In the early days of high-stakes state testing, Walt Haney noticed that some Texas high schools figured out a nifty way to raise 10th grade proficiency rates: keep all the low performing students in 9th grade until they dropped out. The 10th grade proficiency rate is almost a triple proxy: a student’s test score is a proxy for her academic ability, the percent of students proficient is an oversimplified summary statistic for a group, and the 10th grade was serving as a proxy for the whole school. It should hardly be a surprise that it was abused.
In those cases, there were clear ethical lines being crossed. But proxies can be manipulated in ways that are less obviously wrong. The most common one I see is focusing resources not on students who have the most need, or who are most likely to benefit from a particular program, but instead on students who are closest to the ‘proficiency’ tipping point.
It is never this easy to predict outcomes, but imagine you are a superintendent choosing between two intervention programs. Both cost $500 per child per year. On average, students in program A improve by 10 points on the state standardized test. On average, students in program B improve by 5 points. Which program should I choose?

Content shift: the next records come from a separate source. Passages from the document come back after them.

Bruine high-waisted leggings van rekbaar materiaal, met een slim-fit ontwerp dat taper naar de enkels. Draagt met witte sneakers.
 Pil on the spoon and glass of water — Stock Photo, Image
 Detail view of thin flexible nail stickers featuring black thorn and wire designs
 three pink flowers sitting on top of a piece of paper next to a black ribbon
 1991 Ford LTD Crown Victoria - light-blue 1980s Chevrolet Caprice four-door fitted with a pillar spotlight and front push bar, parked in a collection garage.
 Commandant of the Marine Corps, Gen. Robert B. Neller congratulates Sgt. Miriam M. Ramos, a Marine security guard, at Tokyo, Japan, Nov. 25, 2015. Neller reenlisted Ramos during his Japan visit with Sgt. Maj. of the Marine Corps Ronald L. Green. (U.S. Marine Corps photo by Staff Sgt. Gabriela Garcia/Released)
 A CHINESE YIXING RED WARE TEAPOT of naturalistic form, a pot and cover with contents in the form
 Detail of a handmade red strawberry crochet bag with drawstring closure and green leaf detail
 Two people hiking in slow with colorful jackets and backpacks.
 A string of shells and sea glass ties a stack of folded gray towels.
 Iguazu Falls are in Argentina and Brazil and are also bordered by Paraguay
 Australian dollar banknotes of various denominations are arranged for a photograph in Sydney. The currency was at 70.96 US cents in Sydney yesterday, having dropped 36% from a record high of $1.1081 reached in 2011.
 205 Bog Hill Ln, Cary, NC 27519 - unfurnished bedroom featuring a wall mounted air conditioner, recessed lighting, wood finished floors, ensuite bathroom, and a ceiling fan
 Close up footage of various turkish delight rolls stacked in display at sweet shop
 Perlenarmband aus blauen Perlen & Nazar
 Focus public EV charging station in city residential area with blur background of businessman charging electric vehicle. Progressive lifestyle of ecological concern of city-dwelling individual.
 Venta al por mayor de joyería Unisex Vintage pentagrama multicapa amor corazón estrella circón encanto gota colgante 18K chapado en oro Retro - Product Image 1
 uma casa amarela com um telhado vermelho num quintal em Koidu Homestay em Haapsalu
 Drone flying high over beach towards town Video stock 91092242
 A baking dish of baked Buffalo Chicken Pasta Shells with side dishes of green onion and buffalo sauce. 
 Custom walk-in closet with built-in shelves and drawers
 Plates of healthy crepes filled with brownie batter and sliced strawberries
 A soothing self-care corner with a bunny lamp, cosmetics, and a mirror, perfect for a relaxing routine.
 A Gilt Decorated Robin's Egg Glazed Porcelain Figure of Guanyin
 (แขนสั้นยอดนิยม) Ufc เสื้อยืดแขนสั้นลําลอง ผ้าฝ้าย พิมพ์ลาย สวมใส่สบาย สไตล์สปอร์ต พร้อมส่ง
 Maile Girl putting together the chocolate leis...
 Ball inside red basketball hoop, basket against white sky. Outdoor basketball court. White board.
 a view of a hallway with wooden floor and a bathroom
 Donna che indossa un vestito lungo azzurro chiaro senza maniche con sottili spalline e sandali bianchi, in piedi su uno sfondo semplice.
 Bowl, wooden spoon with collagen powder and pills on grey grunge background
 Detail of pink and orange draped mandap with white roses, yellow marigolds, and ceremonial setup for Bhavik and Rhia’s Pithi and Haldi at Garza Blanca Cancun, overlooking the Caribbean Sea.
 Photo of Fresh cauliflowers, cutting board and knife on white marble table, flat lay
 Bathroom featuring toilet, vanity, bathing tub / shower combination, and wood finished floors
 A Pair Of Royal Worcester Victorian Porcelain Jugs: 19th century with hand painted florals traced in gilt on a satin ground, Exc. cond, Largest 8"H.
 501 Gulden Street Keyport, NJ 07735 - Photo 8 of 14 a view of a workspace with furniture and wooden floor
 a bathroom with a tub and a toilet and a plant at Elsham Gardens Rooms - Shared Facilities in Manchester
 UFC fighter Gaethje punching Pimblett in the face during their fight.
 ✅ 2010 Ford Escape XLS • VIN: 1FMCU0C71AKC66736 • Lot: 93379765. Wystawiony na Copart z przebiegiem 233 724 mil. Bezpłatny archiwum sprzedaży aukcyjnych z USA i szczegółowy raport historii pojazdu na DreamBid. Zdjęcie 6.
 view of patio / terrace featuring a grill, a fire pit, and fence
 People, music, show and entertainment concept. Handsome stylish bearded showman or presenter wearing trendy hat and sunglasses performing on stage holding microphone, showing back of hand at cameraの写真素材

The choice is easy, right? Only let’s give it a twist. Program A, you find out, is most effective in serving children who are, on average, 20 points below the proficiency threshold. Program B, on the other hand, is most effective for students who are within 5 points of the proficiency threshold. If you invest in Program A for your ‘below basic’ students, about 25% of the students served are likely to reach proficiency. If you invest in Program B for your ‘on the bubble’ children, about 50% of them are likely to reach proficiency. In other words, Program A gives you demonstrably more bang for the buck in helping your neediest scholars catch up. But Program B gets you double the gains in percent of students proficient. If you still choose Program A, I salute you! But your boss will not be impressed.
Any metrics can be perversely incentivized, but proxy measures are particularly prone to misuse, and professionals in a system will generally make the choice that most directly affects the measures on which they are formally evaluated or publicly judged.
A final note: If you are a superintendent, or a researcher, or a data analyst designing evaluation and accountability systems, you would do well to combine the two “Don’ts”: Don’t forget that it’s easy and tempting to exploit proxies.